This history is a work in progress...
There is so much to tell, so it will take some time, as history always does!
Val and Laura along with their four children are passionate about their home and its’ history and are happy to share it with you. This isn't just in Ireland's Ancient East - it's truly part of Irish history.
Ballinkeele was built by John Maher, Val's great-great-grandfather in the 1840s. Designed by Daniel Robertson, designer of the teraced gardens at Powerscourt (well worth a visit and is and 1.5 hours from Ballinkeele towards Dublin). He is better known for his neo-tudor & neo-gothic works which became more fashionable at the time. He was apparently quite the soak and reputedly only worked until late morning and had to be wheeled around in a hand cart!!

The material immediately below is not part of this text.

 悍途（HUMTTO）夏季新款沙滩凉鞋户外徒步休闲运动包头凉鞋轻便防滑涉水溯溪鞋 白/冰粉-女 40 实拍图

It is a miniture (!) copy of Castleboro, now in ruins since it was burned during the civil war in the 1920s.
The house is Georgian Italianate but it is on the cusp of the Victorian period, so the interior furnishings reflect this.
The Mahers were very fond of their horses and we still have the most beautiful stables to prove it!
'Frigate' was bred locally and trained here. She was the first Irish mare to win the Grand National at Aintree in 1889. She ran the race 7 times! She placed well, they sold her, she didn't do well for the new owners so they bought her back for a fraction of what they sold her for and the following year she won!
One of our favorite objects on the farm is an old ladder! You can see one in this picture of Frigate. We still have one similar to this in the archway leading out from this yard!
Laura has a terrible weekness for antique maps and the background of this page is a favorite. It was commissioned by John Maher in 1829, shortly after he purchased Ballinkeele from the Hay family. It shows the original house which was built by the Hays, French Hugenots whose connection to the land at Ballinkeele goes back to the time of Cromwell.
The Hay family had a colourful history. The last generation of the Hay family had 3 sons - One was an officer in the British army, another an officer in the French army and the youngest was involved in the 1798 rebellion fighting on the side of the Irish - We can only imagine Sunday dinner being a bit tense!
The youngest son was sadly hung on Wexford Bridge and is commemorated along with the dead of 1798 at the momument on the road into Ballymurn. Their uncle wrote a respected & relatively balanced account of the events of the 1798 rebellion - with much of the action within 6 miles of Ballinkeele.
The Hay family fell on hard times after this and were forced to sell the land to the Mahers. Many of the Hay family are buried at the cemetry of Kilmallock, just around the corner from the current house.